PROBLEM TO SOLVE:
The reply should hold only the lines below beginning at the one with "4 ขั้นตอนการใช้งานและตั้งค่า Chart ราคา" and ending at the one with "什么叫基金净值基金净值的详解 股市聚焦 赢家财富网", copied exactly, with every picture left out.

EXTRACTED INFORMATION:
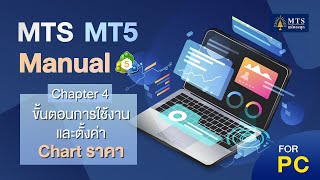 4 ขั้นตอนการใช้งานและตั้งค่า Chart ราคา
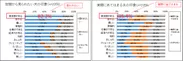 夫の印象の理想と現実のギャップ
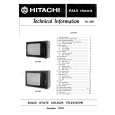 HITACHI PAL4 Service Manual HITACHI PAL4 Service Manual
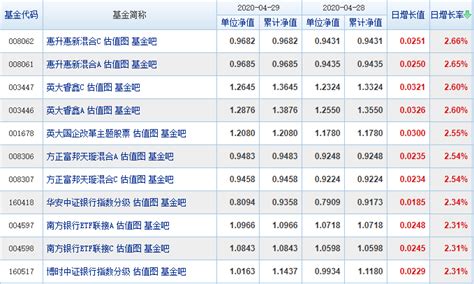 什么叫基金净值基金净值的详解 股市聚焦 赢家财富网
--
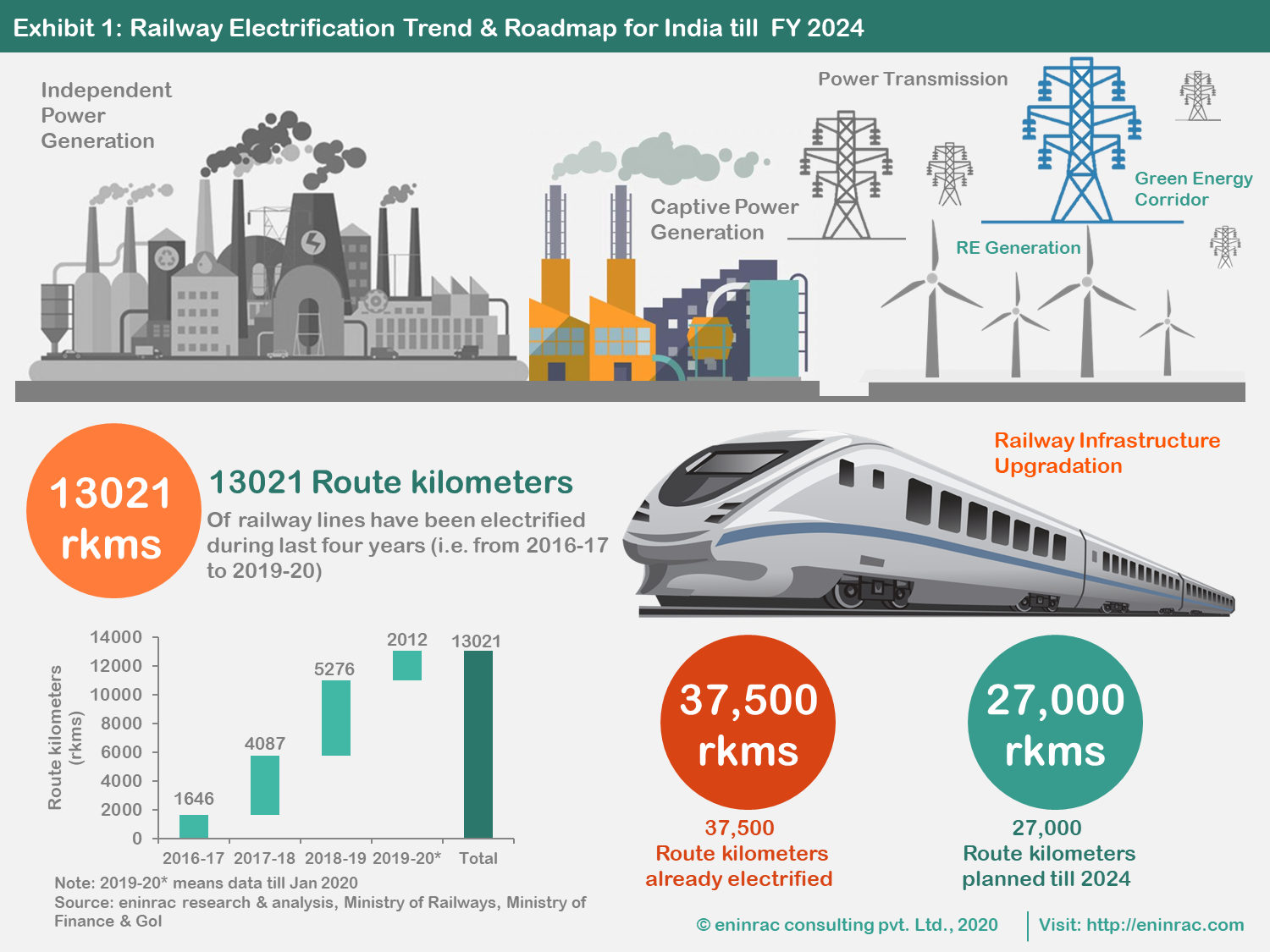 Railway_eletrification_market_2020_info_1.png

TASK ANSWER:
 4 ขั้นตอนการใช้งานและตั้งค่า Chart ราคา
 夫の印象の理想と現実のギャップ
 HITACHI PAL4 Service Manual HITACHI PAL4 Service Manual
 什么叫基金净值基金净值的详解 股市聚焦 赢家财富网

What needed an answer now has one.